染谷将太、役者としての武器とは?「楽観主義者」と語る、若き名優の意外な素顔

Movie Walker / 2014年12月16日 14時26分

現在大ヒット中『寄生獣』の主演・染谷将太にインタビュー!/撮影/林香寿美

今、もっとも異彩を放つ若手実力派俳優といえば、染谷将太の顔を思い浮かべる人も多いはず。狂気を秘めた役からコミカルな役まで、どんな役でも彼独自の光と色をもった役柄として、鮮やかに輝くのだ。そんな染谷の実力を大いに感じさせてくれるのが、傑作コミックを実写映画化した『寄生獣』(11月29日公開)。染谷にインタビューし、偉大な原作に挑んだ覚悟。そして、若き名優の素顔に迫った。

原作は、累計発行部数1300万部を突破。アクションの中に哲学的要素を盛り込み、読者に圧倒的な迫力と衝撃を与えた伝説的コミックだ。メガホンをとるのは、『永遠の0』(13)などVFXと人間ドラマの融合に定評のある山崎貴監督。染谷は「『寄生獣』を山崎監督が撮るという噂は聞いていて。まさか自分にオファーがくるとは思っていなかった」と振り返る。厚い信頼を寄せられて、主人公・新一役に抜擢されたが、「まさか自分にお話をいただけるとは。本当にびっくりしましたね。そんな面白い企画に自分が呼んでいただけるなら、是非、参加したいと思いました」と思い切って飛び込んだ。

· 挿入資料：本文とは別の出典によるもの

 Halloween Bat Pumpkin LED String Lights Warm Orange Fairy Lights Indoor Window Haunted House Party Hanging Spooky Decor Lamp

人間を捕食する新種の寄生生物“パラサイト”が出現。右手に“ミギー”と呼ばれるパラサイトを宿してしまった少年・新一の数奇な運命を描く物語だ。「物理的にも、映画化するにはハードルが高いだろうなと思っていた」と染谷。新一は、CGで作られるミギーとの芝居が必要となる難役だ。「やってみないとわからないことばかりでしたね。ミギーとの芝居もそこまで自分が動かすとは思っていなかったので、やってみて『これは一人二役だ』と実感して。自分が頑張らないと、せっかく阿部サダヲさんが作ってくださったミギーの魅力を壊しかねないですから」。

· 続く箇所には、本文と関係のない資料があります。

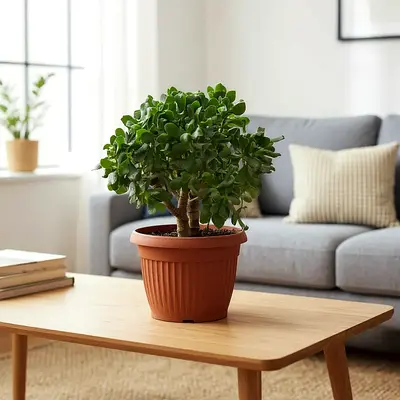 Healthy indoor jade/ficus bonsai in terracotta pot - ready for living room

「ミギーがとにかくかわいくて」と、声だけでなくパフォーマンスキャプチャーでミギー役を演じた阿部に敬意を表すが、ミギーとの芝居には、「いくらでも自由にやれる可能性があって。それはすごい楽しかったですね。特に正解もないですし、ああやったらどうなるだろう、こうやったらどうなるだろうとできる可能性をいろいろと試しました」と、充実感をにじませる。

山崎監督とは、ミュージックビデオも含めると4度目のタッグとなったが、「山崎監督は素材にまどわされない方。今回はファンタジーだし、ありえないことが起きている世界だけれど、常に冷静に判断をされている」とうなずく。新一は、ミギーと混ざり合うことで大きな変化を遂げていくが、その変化についても山崎監督とじっくりと話し合った。「監督と話していたのは、新一が変わっていく中で、お客さんを置いてけぼりにしてはいけないということ。とても単純なことなんですが、それがとても難易度が高いことで。共感を得られなくなってしまうと、見ている方はそこで新一を追いかけることをやめてしまう。それでは面白くないですよね。新一に寄り添ってもらうためには、彼の根本にある怒りや悲しみを捨てないようにしようと思いました」。